◆ **Data**
---------------
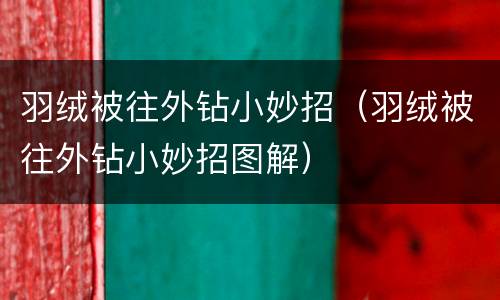 羽绒被往外钻小妙招（羽绒被往外钻小妙招图解）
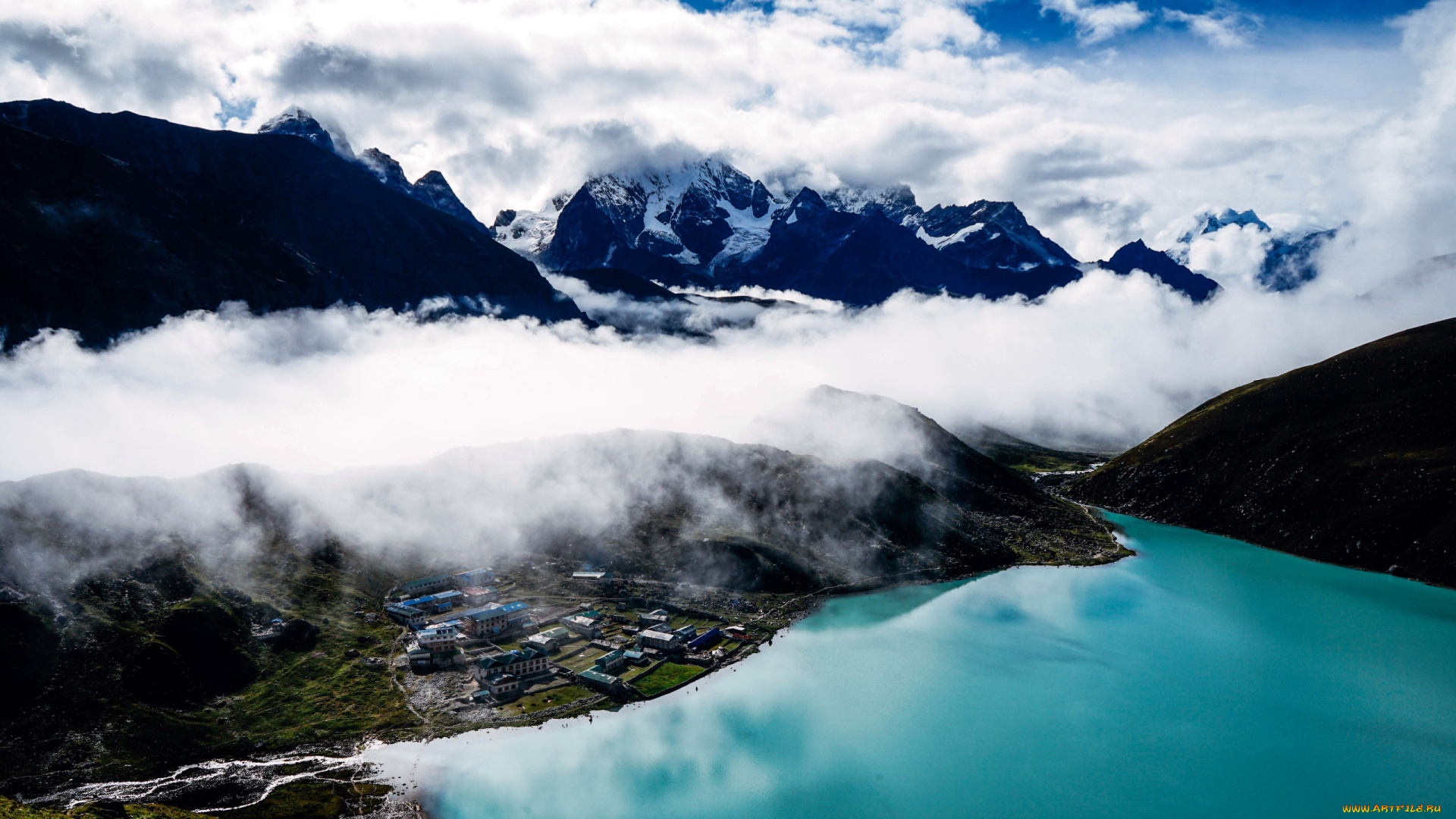 природа, пейзажи, облака, горы, озеро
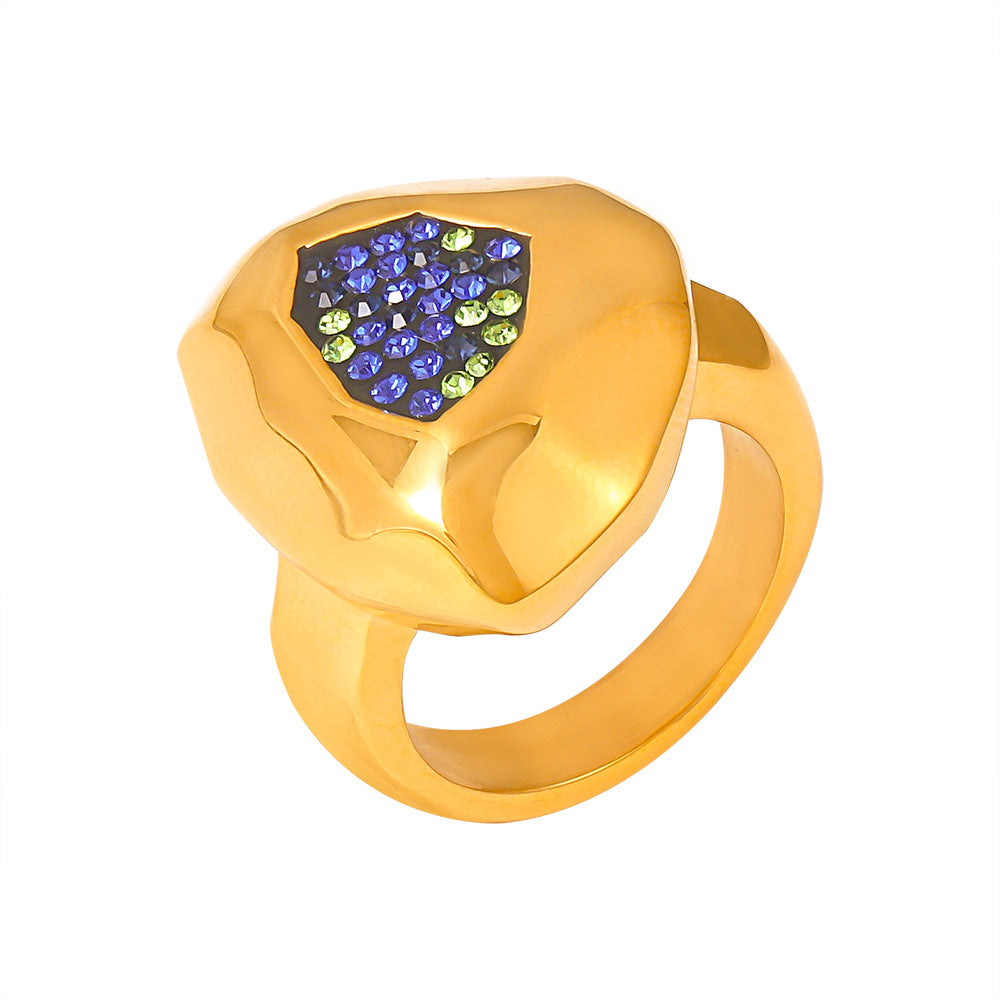 Surface Colorful Crystals Titanium Steel Gold Rings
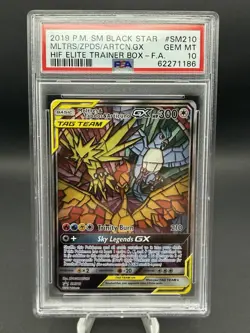 PSA 10 - Pokemon 2019 SM Black Star Promo Moltres Zapdos Articuno GX SM210 - Image 1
---------------
◆ **Your assignment**
Leave the pictures out and return the rest of the listing exactly.

◆ **Written solution**
 羽绒被往外钻小妙招（羽绒被往外钻小妙招图解）
 природа, пейзажи, облака, горы, озеро
 Surface Colorful Crystals Titanium Steel Gold Rings
 PSA 10 - Pokemon 2019 SM Black Star Promo Moltres Zapdos Articuno GX SM210 - Image 1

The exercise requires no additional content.